Repository of the paper "Do Language Models Plagiarize?", Proceedings of the ACM Web Conference 2023. A full paper can be found here.

Due to a large size of data, we uploaded everything in Zenodo.

Training Corpus

GPT-2's pre-training data is accessible via this link. You can find all fine-tuning datasets we used for our experiments in the finetuning_data.zip file. Special thanks to original creators of fine-tuning datasets: ArXiV, Cord-19, and Patent Claims.

GPT-2 Generated Text

All GPT-2 generated texts can be found in the GPT_generated_text.zip file. Documents in the txt file can be seperated by '===================='. Note that texts generated by pre-trained GPT-2 are originally from OpenAI. If the file includes '_v2', this means it is a secondary file to fulfill the document count.

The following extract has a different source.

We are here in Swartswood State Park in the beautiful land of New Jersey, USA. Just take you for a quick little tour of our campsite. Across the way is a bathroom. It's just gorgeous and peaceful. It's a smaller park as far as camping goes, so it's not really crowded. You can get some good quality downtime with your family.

For example, in the PatentGPT folder, there are patentGPT_10000_temp.txt and PatentGPT_10000_temp_v2.txt. They both are generated by PatentGPT with temperature a setting, and a total number of documents sums up to 10000. We also uploaded fine-tuned models' checkpoints checkpoints.zip.

Automatic Plagiarism Detection

STEP 1. Finding Top-𝑛′ Candidate Documents

In our work, we levearge Elasticsearch to store a training corpus and retrieve candidate documents for plagiarism. A detailed description of Elasticsearch setup can be found here: https://www.elastic.co/guide/en/elasticsearch/reference/current/setup.html.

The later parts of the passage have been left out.